EXERCISE PROMPT: Word for word, transcribe the data below from the line with "Pepper Tuna Roll" to the line with "Taking a break", keeping both of those lines.
☆ ☆ ☆ ☆ ☆
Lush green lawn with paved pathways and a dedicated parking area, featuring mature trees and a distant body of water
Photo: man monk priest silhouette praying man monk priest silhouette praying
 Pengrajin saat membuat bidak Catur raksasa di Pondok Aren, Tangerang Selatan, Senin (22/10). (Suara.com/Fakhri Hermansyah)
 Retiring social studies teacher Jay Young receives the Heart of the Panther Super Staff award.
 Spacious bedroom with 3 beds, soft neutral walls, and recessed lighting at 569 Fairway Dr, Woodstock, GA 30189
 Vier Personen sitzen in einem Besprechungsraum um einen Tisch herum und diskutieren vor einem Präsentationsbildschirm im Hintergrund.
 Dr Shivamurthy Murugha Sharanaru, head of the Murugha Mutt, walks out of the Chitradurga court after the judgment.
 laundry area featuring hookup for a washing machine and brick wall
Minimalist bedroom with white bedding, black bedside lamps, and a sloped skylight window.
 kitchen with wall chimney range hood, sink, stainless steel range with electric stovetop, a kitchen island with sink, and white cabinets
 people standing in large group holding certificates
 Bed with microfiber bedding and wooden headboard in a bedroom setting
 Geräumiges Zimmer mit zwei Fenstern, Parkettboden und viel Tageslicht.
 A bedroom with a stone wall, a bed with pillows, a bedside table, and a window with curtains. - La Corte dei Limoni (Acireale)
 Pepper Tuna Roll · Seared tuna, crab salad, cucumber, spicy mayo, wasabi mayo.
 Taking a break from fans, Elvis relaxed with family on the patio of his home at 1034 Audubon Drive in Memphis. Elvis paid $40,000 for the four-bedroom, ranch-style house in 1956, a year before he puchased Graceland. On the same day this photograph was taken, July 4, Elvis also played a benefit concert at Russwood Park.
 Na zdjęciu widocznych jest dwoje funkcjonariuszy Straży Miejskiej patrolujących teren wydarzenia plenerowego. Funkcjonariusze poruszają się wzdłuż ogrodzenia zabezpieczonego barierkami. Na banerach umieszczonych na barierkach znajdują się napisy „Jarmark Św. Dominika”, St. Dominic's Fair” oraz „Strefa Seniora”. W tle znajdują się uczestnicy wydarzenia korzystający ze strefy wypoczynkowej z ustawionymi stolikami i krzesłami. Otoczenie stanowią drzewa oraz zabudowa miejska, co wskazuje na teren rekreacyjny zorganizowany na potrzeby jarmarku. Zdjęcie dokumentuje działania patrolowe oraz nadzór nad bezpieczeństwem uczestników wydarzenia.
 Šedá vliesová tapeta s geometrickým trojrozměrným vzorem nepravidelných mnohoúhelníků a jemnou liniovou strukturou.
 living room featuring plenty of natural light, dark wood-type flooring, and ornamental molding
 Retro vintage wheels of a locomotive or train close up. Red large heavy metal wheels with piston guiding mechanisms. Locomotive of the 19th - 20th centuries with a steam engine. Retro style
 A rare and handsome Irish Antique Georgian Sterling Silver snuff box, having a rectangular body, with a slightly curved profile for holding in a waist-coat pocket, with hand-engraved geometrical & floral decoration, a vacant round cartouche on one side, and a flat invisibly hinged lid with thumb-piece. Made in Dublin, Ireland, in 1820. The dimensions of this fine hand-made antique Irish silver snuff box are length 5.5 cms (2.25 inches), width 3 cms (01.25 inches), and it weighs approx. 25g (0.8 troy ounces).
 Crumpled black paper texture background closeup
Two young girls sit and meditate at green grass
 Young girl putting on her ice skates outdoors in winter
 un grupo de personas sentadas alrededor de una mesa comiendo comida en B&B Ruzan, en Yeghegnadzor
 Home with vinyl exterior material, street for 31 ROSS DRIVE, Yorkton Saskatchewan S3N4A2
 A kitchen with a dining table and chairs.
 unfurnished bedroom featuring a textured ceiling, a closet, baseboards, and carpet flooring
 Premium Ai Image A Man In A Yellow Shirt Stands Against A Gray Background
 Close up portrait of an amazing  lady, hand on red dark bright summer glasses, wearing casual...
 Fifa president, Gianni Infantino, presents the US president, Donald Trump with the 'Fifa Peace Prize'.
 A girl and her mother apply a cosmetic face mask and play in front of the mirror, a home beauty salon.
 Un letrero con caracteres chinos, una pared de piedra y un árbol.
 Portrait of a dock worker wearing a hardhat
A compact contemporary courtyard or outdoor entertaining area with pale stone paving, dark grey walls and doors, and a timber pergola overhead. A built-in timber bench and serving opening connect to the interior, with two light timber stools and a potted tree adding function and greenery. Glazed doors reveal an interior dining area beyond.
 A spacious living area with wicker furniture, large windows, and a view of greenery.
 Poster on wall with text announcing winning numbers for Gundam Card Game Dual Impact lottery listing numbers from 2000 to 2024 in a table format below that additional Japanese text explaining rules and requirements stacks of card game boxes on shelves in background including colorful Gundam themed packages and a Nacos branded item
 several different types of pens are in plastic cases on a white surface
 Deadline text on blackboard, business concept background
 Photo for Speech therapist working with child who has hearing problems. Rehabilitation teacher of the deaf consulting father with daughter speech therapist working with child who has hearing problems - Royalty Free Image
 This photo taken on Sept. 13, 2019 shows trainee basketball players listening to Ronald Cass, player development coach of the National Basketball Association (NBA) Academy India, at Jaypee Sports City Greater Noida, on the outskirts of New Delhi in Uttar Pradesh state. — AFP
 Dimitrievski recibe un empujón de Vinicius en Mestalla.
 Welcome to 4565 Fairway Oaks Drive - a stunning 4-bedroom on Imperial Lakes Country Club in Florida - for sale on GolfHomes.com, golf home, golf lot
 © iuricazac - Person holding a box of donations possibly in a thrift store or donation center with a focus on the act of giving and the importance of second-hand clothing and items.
☆ ☆ ☆ ☆ ☆
YOUR RESPONSE:
 Pepper Tuna Roll · Seared tuna, crab salad, cucumber, spicy mayo, wasabi mayo.
 Taking a break from fans, Elvis relaxed with family on the patio of his home at 1034 Audubon Drive in Memphis. Elvis paid $40,000 for the four-bedroom, ranch-style house in 1956, a year before he puchased Graceland. On the same day this photograph was taken, July 4, Elvis also played a benefit concert at Russwood Park.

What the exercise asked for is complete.